Words
on Books for KZYX
by Tony Miksak
I'm trapped in a world of non-fiction and I can't get out. I hunger for the emotional ups and downs and sideways of a fine novel, but I'm drawn instead to biographies of Napoleon.
Sinclair Lewis once told Barnaby Conrad, "People read fiction for emotion -- not information." I read non-fiction for information, not emotion. What is wrong with me?
I've tried novels, yes indeed, but I often bog. Novels rich in nuance and embossed with character make me long for tales of shipwrecks and the men who dive for treasure. I prefer World War I aeroplanes crash-landed in a circle of moonlight behind enemy lines to affairs of the heart. I wish I were more sophisticated.
Two good readers I know separately and enthusiastically recommend I read C. S. Godshalk's new novel, Kalimantaan. Today I tried, diligently and desperately, but each page threw me back to the Sunday paper, where columnists bare their hearts in just 300 words, and NATO bombs Kosovo in order to save it.
Here's what I mean, from the first page of Kalimantaan: "Half the face sags as if something has pulled down on it, the shoulder sloping oddly from the chair. She circles him, then slowly folds herself to the floor and takes the wrist in both her hands. Sunlight slides across the wood and climbs her knees. Her thigh bones ache as they ached in her first pregnancy, but she does not move. It is the first time in forty years that she has sat alone in this room with this man without some strain," and so on.

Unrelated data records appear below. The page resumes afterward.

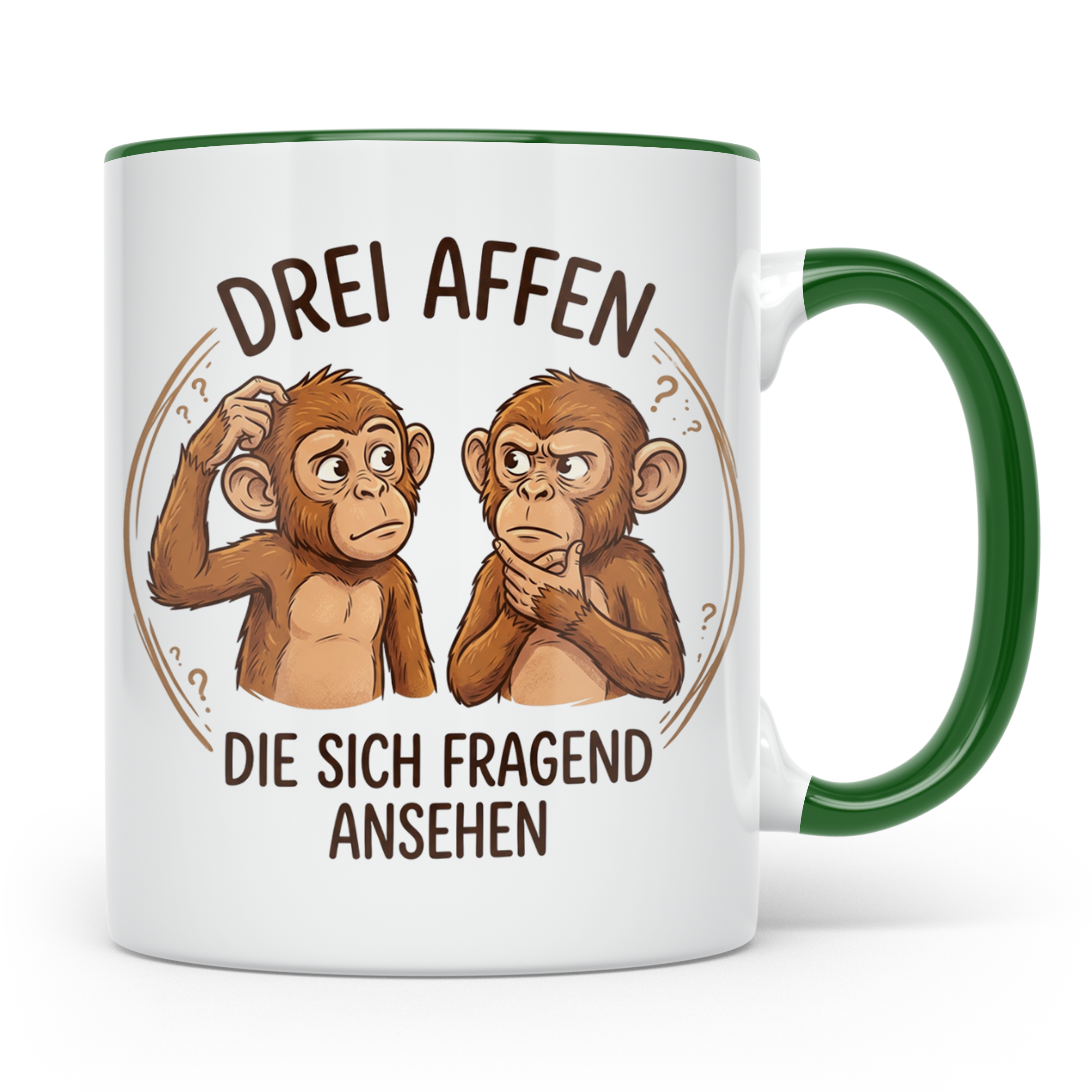 Drei Affen Tasse lustig mit fragendem Blick, Kaffeetasse für – Grün [farbe:grün]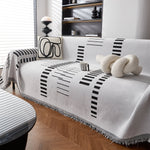 Reversible Chenille Couch Cover Blanket with Tassel Large Boho Futon Cover L Shaped Sectional Cover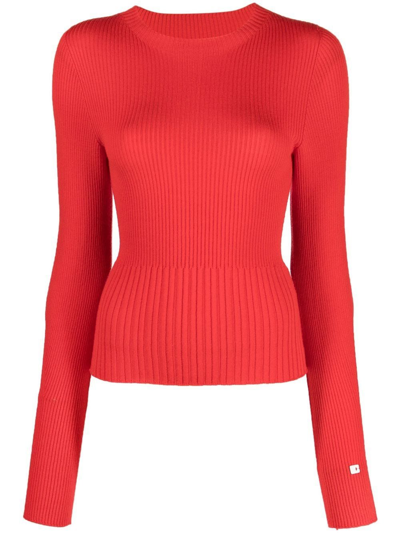 Low Classic Long-sleeve Ribbed-knit Top In Red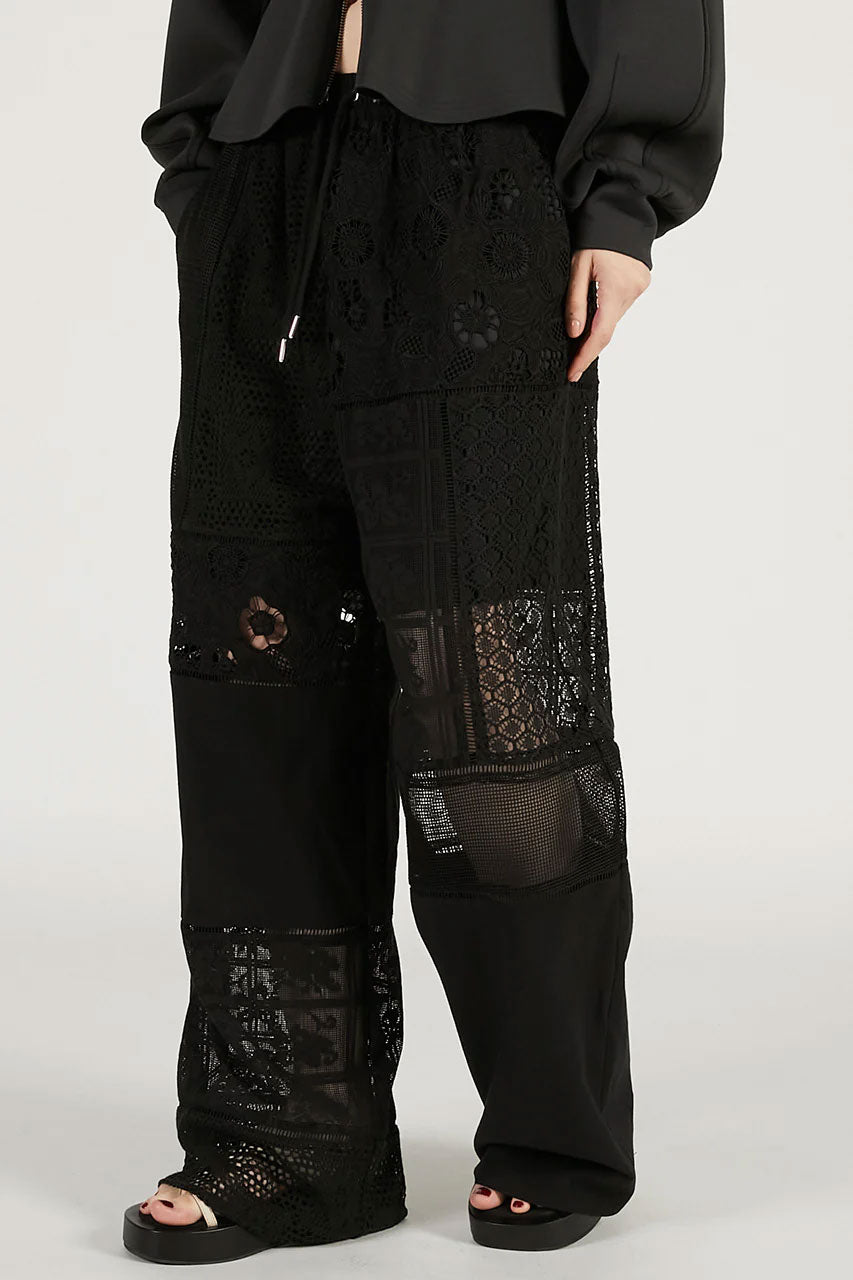 
                  
                    Panel Lace Pants-Black-
                  
                
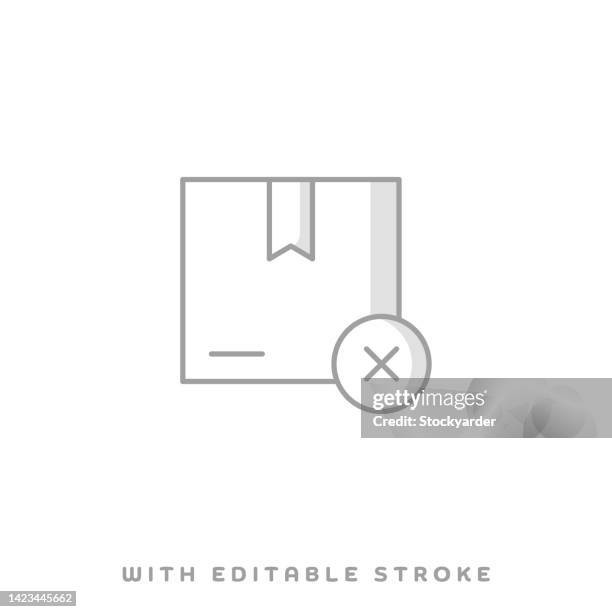 rejected order concept line icon with shadow. the vector illustration is outline style, pixel perfect, suitable for web and print with editable stroke. - system failure stock illustrations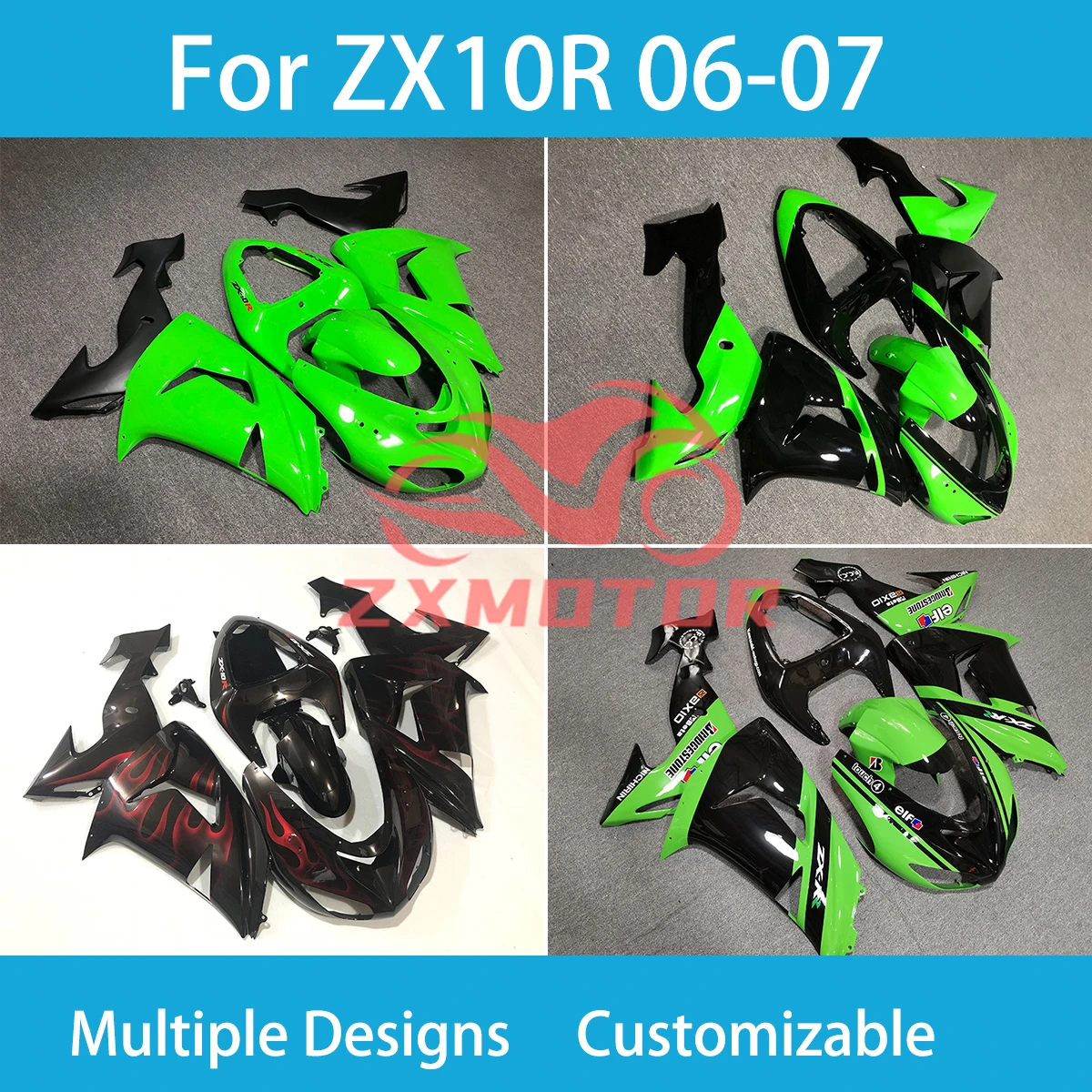 ZX10R 06 07 Prime Fairing Kit for Kawasaki ZX 10R 2006 2007 Motorcycle Customized ABS Plastic High Quality Fairing Kit
ZX10R 06 07 Prime Fairing Kit for Kawasaki ZX 10R 2006 2007 Motorcycle Customized ABS Plastic High Quality Fairing Kit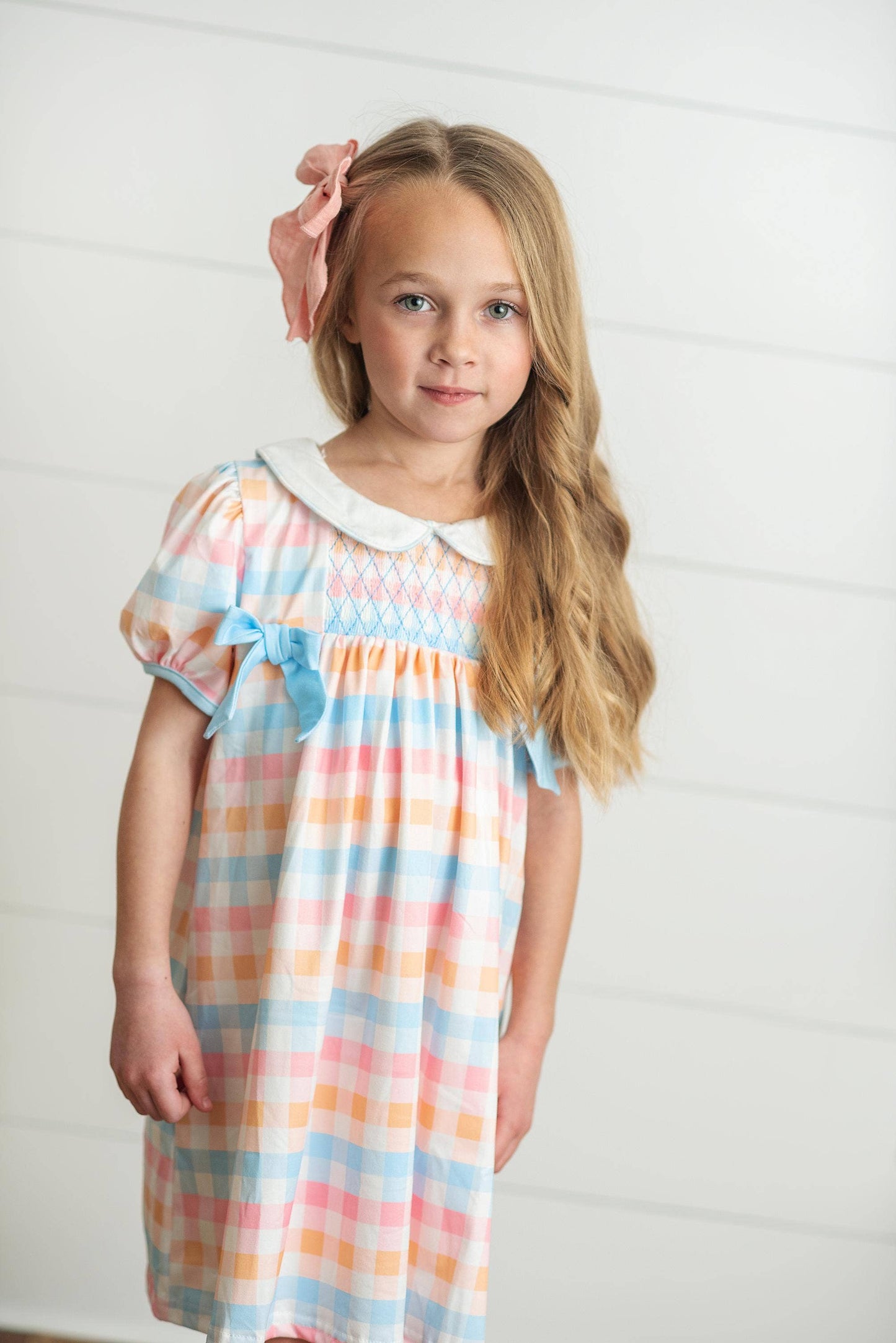 GIRLS PASTEL CHECKED DRESS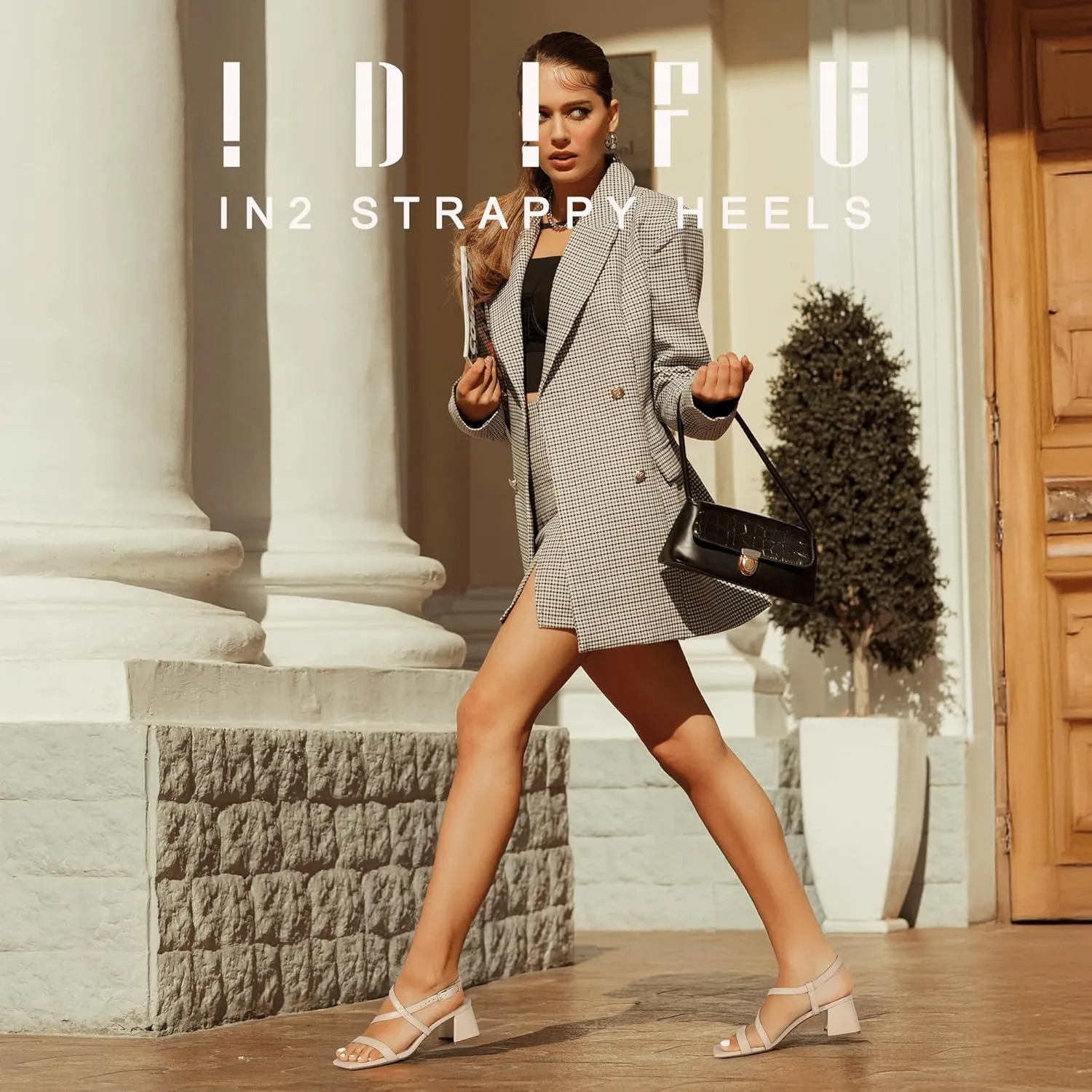 IDIFU IN2 Strappy Heels for Women Square Toe Low Chunky Block Heels with Ankle Strap Women's Slingback Irregular Heel Dress Shoes for Bride Wedding Heeled Sandals Dressy Short Heels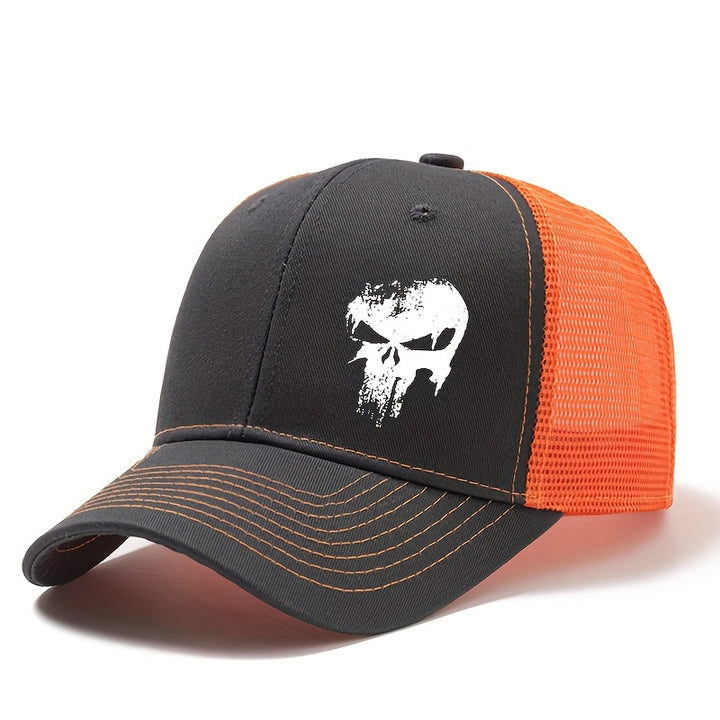 Gorra de béisbol unisex con estampado de cráneo, tamaño ajustable, verano, exterior, malla transpirable, gorra de camionero con borde curvo, adecuada para ocasiones informales como vacaciones, viajes y camping.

The brain glazes: "Sunlight slides across the wood and climbs her knees." C. J. may have worked a year on that sentence alone. It's like the first half of Ondaatje's The English Patient. His novel is a dense mystery. It's beautiful, it's peopled with troubled characters, including one who never speaks, and at first you have no idea what it's all about. Some people saw the movie just to figure out the novel.
I enthusiastically recommend The English Patient to potential readers. I may explain it's aptly named -- you'll need patience with it. Read on, and gradually it makes sense. The incidents in The English Patient resonate until suddenly you understand where you are (post-war Italy) and what is happening (it's a love story and an anti-war story). Eventually you arrive at the rare moment of pleasure when you realize you love the book.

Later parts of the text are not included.